=== Your instructions ===
Could you please reproduce all the records below exactly, leaving out the images?

Source records:
====================

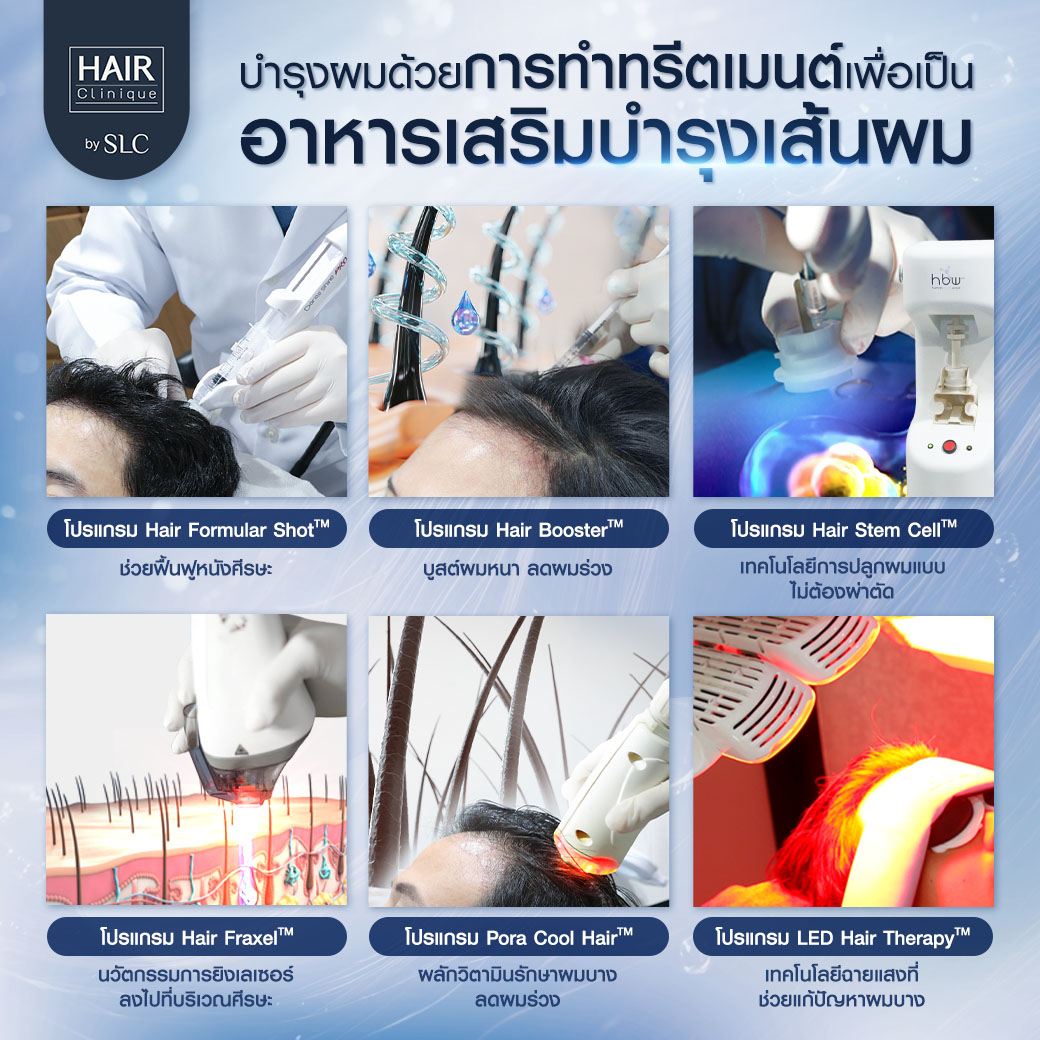 วงจรเส้นผม, ปลูกผม, ปลูกคิ้ว, รากผม, ผมร่วง, ผมบาง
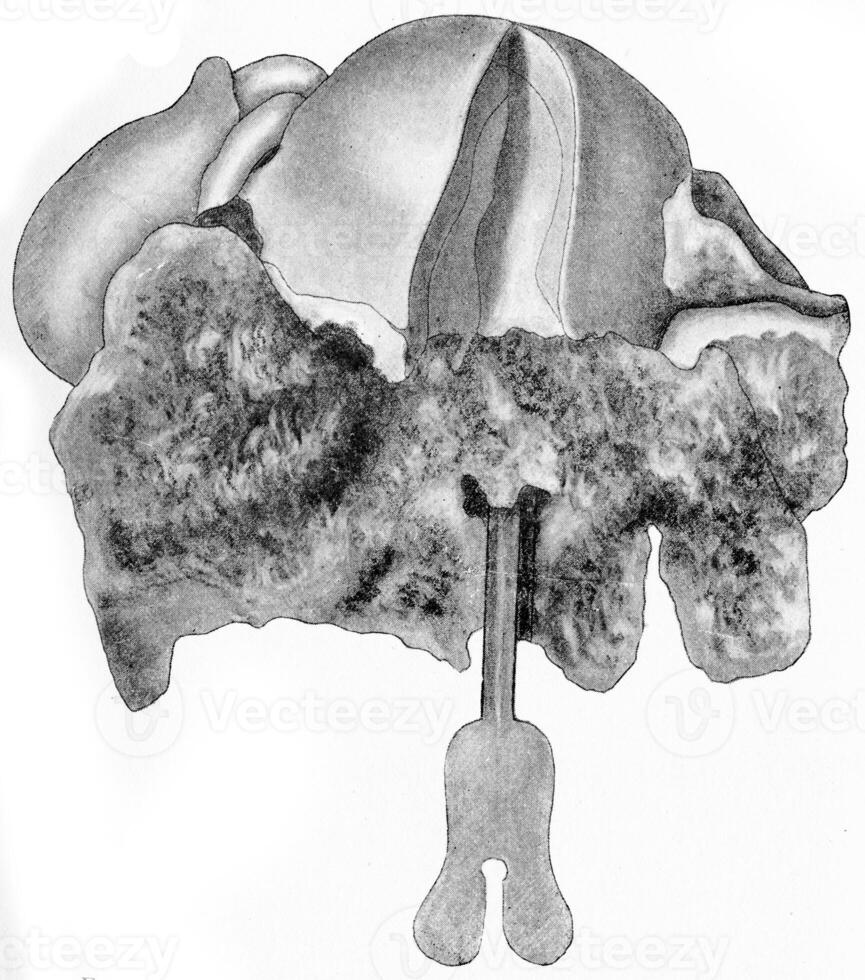 Cylindric-cell epithelioma of the cervix uteri, vintage engraving. photo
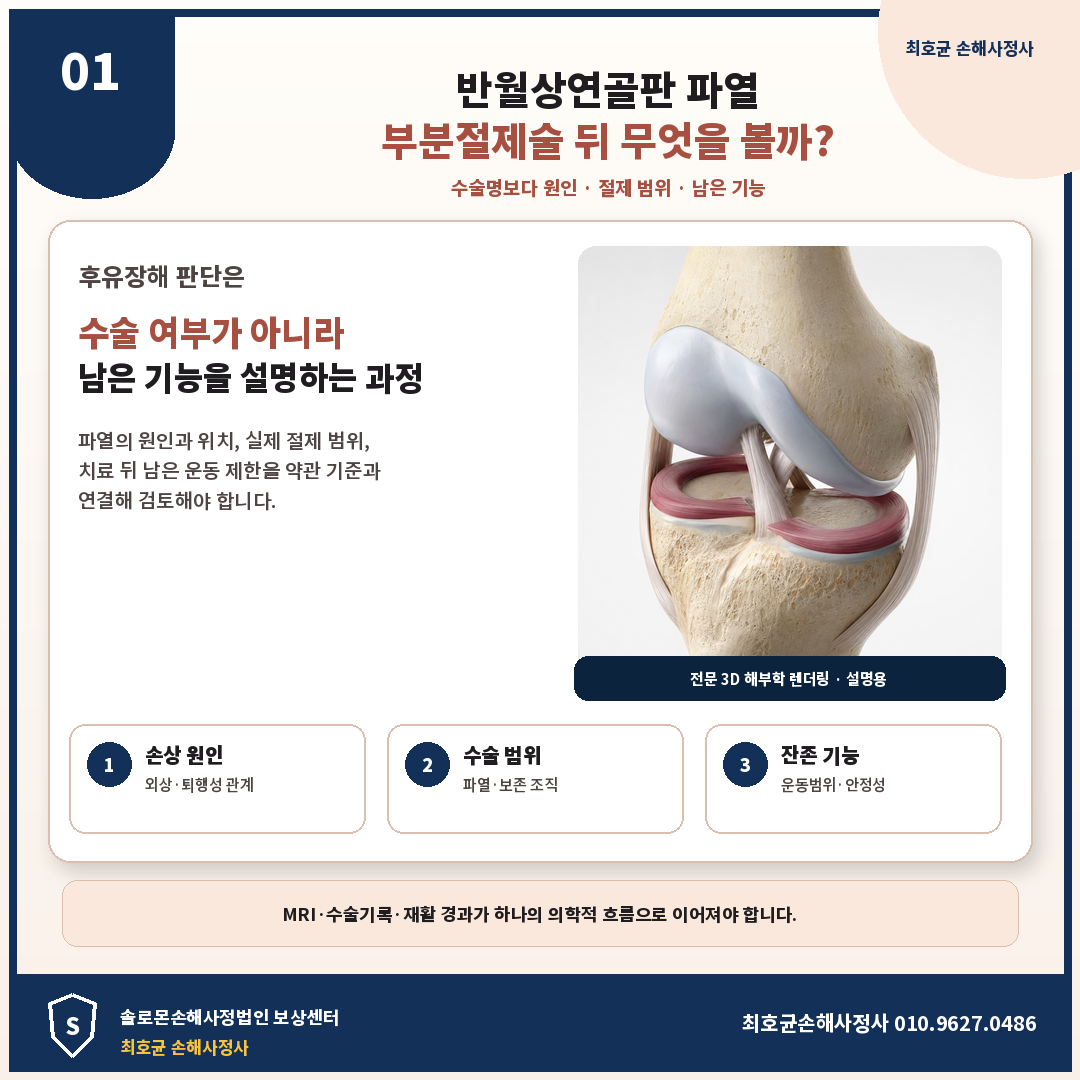 반월상연골판 파열 후유장해, 부분절제술 뒤 무엇을 판단할까?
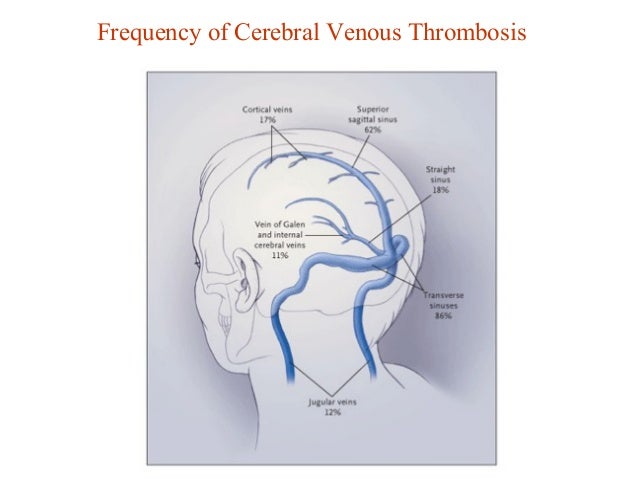 Stroke care in sanatorium stroke signs and symptoms dilated student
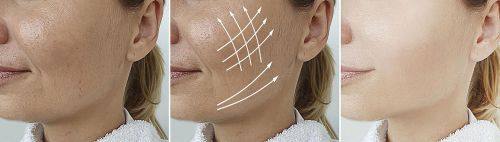 成都武侯艾凡加整形医院地址电话及营业时间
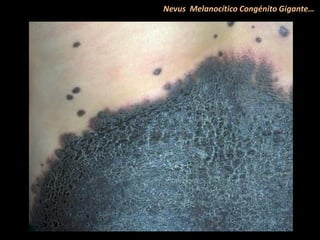 Nevus Melanocítico Congénito Gigante…
 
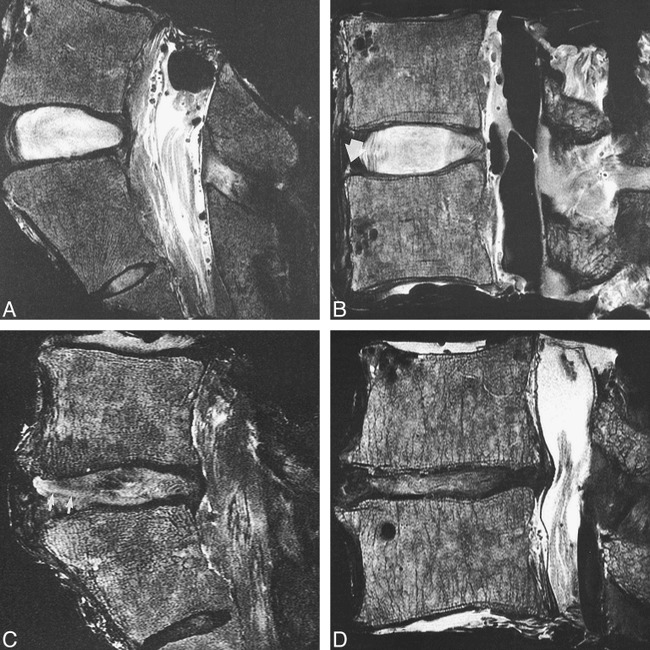 fig 2.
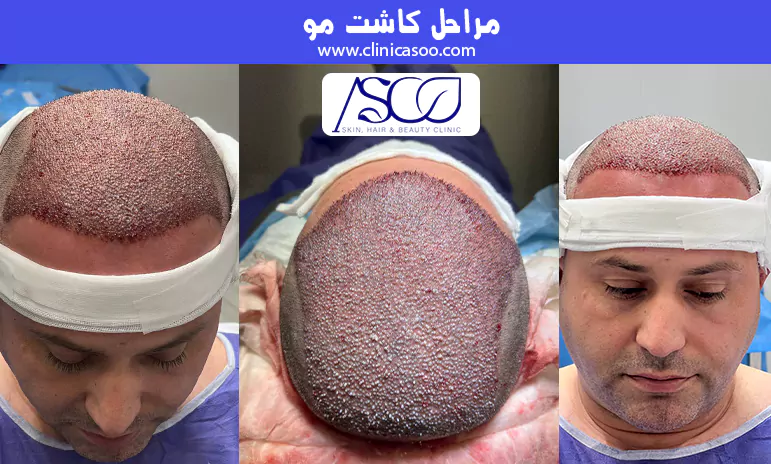 مراحل کاشت مو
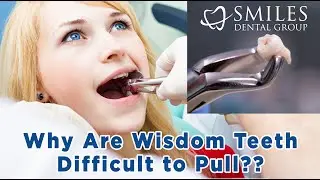 Why Are Wisdom Teeth Hard To Pull? Everything You Need to Know! (2025)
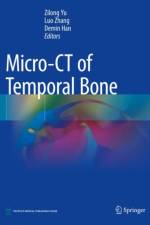Micro-CT of Temporal Bone
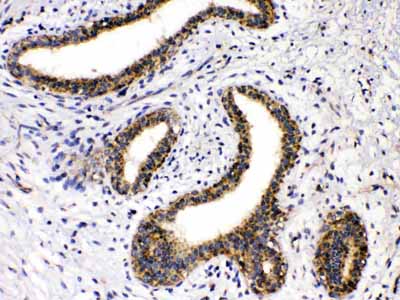 2 - Anti-GAD65 Picoband Antibody ABO10278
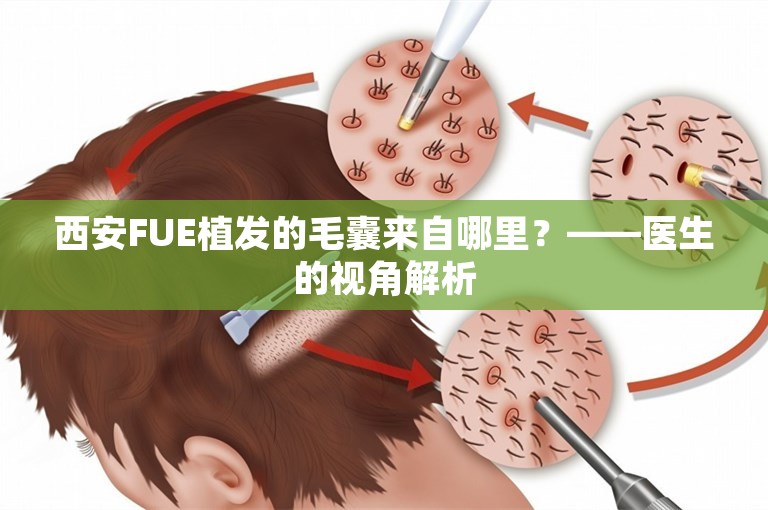 西安FUE植发的毛囊来自哪里？——医生的视角解析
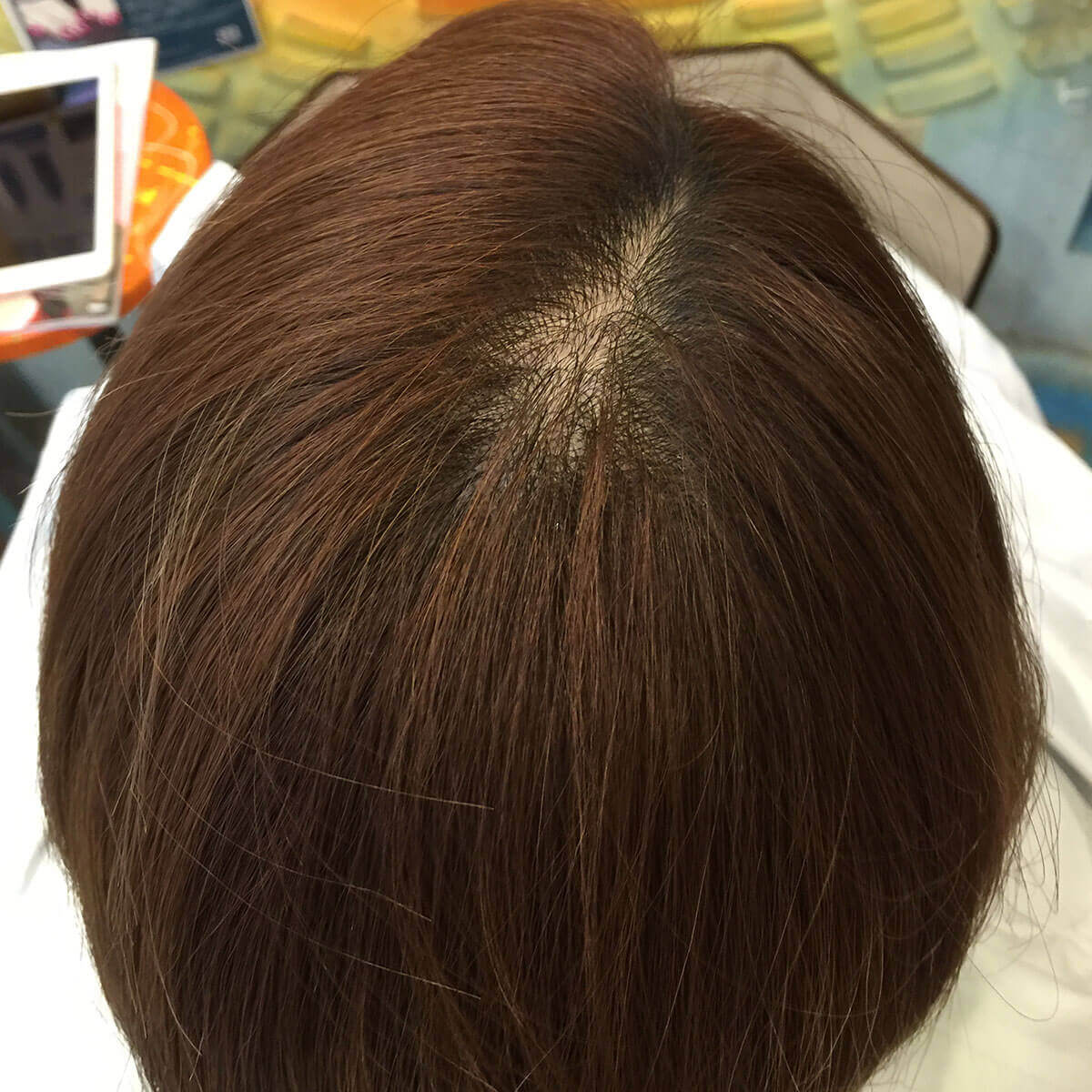 日本一馴染むエクステ専門店セクション Before & After 増毛エクステ③ Before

====================

=== Completed exercise ===
 วงจรเส้นผม, ปลูกผม, ปลูกคิ้ว, รากผม, ผมร่วง, ผมบาง
 Cylindric-cell epithelioma of the cervix uteri, vintage engraving. photo
 반월상연골판 파열 후유장해, 부분절제술 뒤 무엇을 판단할까?
 Stroke care in sanatorium stroke signs and symptoms dilated student
 成都武侯艾凡加整形医院地址电话及营业时间
 Nevus Melanocítico Congénito Gigante…
 
 fig 2.
 مراحل کاشت مو
 Why Are Wisdom Teeth Hard To Pull? Everything You Need to Know! (2025)
Micro-CT of Temporal Bone
 2 - Anti-GAD65 Picoband Antibody ABO10278
 西安FUE植发的毛囊来自哪里？——医生的视角解析
 日本一馴染むエクステ専門店セクション Before & After 増毛エクステ③ Before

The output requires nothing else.